O socialismo surgiu como pensamento sociológico a partir de experiências reais: a revolução social européia de 1848, a Comuna de Paris de 1871, a organização da social-democracia alemã no final do século 19 e início do 20, a Revolução Russa de 1917, a Revolução Chinesa de 1949 e a Cubana de 1959. Estes processos foram o reflexo, ao mesmo tempo, de um descontentamento e de uma nova forma de organização social. Não foram os seguidores de Blanqui, Proudhon ou de Marx que definiram, de cima para baixo, a nova organização social que surgiu a partir da tomada do poder pelos operários em Paris. Da mesma forma, não foi Lenin que inventou e decretou os sovietes na Rússia; isto é, os órgãos sociais que surgiram e tornaram possível a revolução de outubro de 1917. O mesmo poderia ser analisado nos outros exemplos.

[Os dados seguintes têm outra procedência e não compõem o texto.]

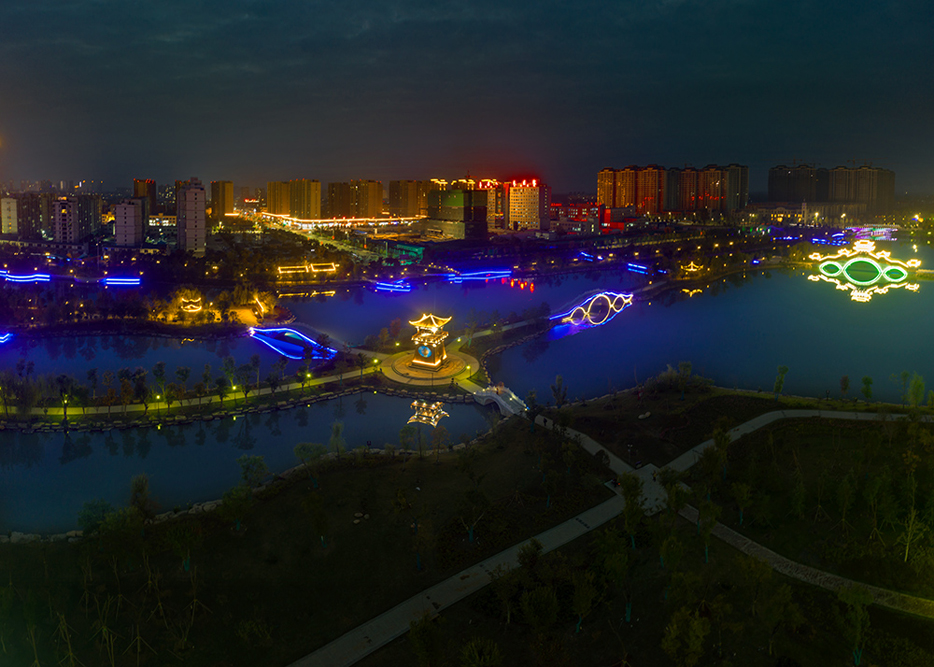 《龙湖公园夜景》.jpg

Muitas medidas impostas por ditadores, como Stálin e Mao Tse Tung, dão a impressão de que o socialismo seria fruto de uma vontade imposta de cima para baixo, tal como uma possível receita de bolo; mas isto é algo totalmente sem fundamento para qualquer pessoa que folhear um único livro sério sobre socialismo. Estas distorções grosseiras da ideia de socialismo refletem mais a degeneração política dos processos sociais em curso (no caso o surgimento do stalinismo durante o século 20) do que qualquer outra coisa. O texto em questão, portanto, dialoga mais com esta ideia errônea e preconceituosa do que com a real noção do que é e representa o socialismo – sobretudo o de cunho marxista e trotskista.

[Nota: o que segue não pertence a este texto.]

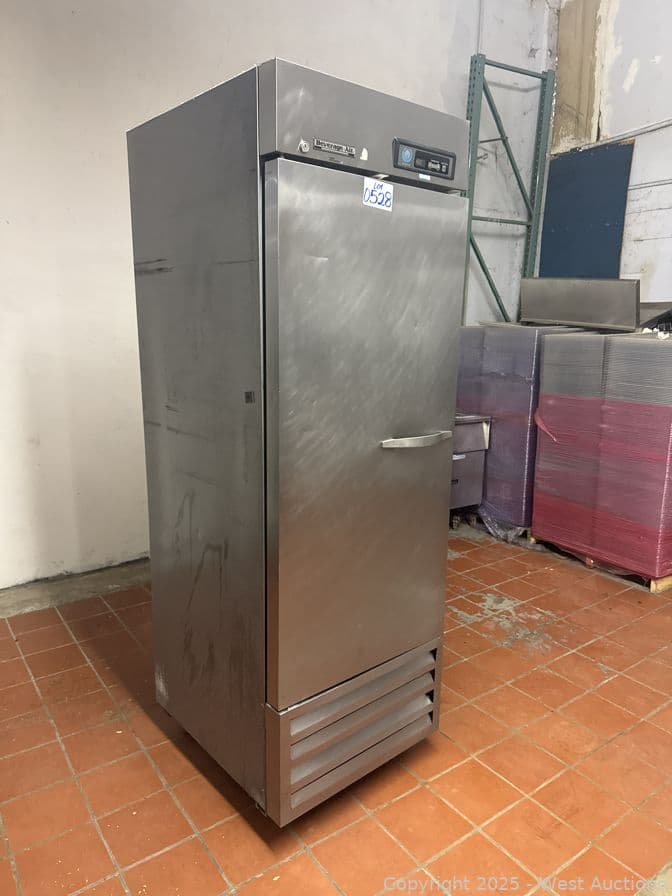 beverage-refrigerator-single-door-607069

Para ser honesto nesta comparação, o texto teria que ser sincero na noção do que é socialismo: os alunos deveriam debater os critérios da avaliação, e não ver passivamente o professor decretar que todos teriam a mesma nota. No socialismo não deverá haver salários iguais para trabalhos e especialidades diferentes. A única e verdadeira igualdade que o socialismo “decreta” é sobre os meios de produção de riqueza social: fábricas, terras, empresas, bancos, transportes e comunicação social. Se estes meios de produção produzem riqueza social, então precisam ser coletivos também, isto é, sociais. Nada tem a ver, portanto, o fato de que no socialismo todos deveriam receber o mesmo salário ou, conforme o texto, a mesma “nota”. Um professor precisa avaliar distintamente os alunos, pois possuem ritmos de aprendizagem diferentes; assim como os operários possuem necessidades profissionais e familiares diferentes também. O texto, para ser honesto, deveria frisar a importância da elaboração coletiva de critérios para avaliação e para receber as notas, e não simplesmente afirmar que o socialismo iguala tudo e favorece os “que não querem trabalhar”. Isto é uma distorção grotesca!

V - Conclusões
Desfeita a confusão intencional, resta a conclusão: se pode concordar que “é impossível multiplicar a riqueza dividindo-a”; mas isso não é socialismo! O socialismo trata, como foi dito, da divisão dos meios de produção; isto é, de tudo aquilo que tem capacidade de produzir riqueza social. Coloca os meios de produção sob controle coletivo, social, dos trabalhadores. Uma vez que esta base sociológica seja compreendida, praticada, consolidada e ensinada aos quatro cantos, não apenas a riqueza será dividida, como será multiplicada; cada uma sendo a condição da outra. Este será o ponto de mutação do início do fim da pré-história humana e o requisito necessário para a real evolução da sociedade.
A regulagem científica e racional da existência humana é o objetivo mais alto de uma sociedade socialista. É preciso se utilizar da socialização da riqueza e do conhecimento para extirpar o irracionalismo das massas e ajudá-la na sua evolução emocional; isto é, na superação da dependência e espera de um “messias” que tudo fará por ela.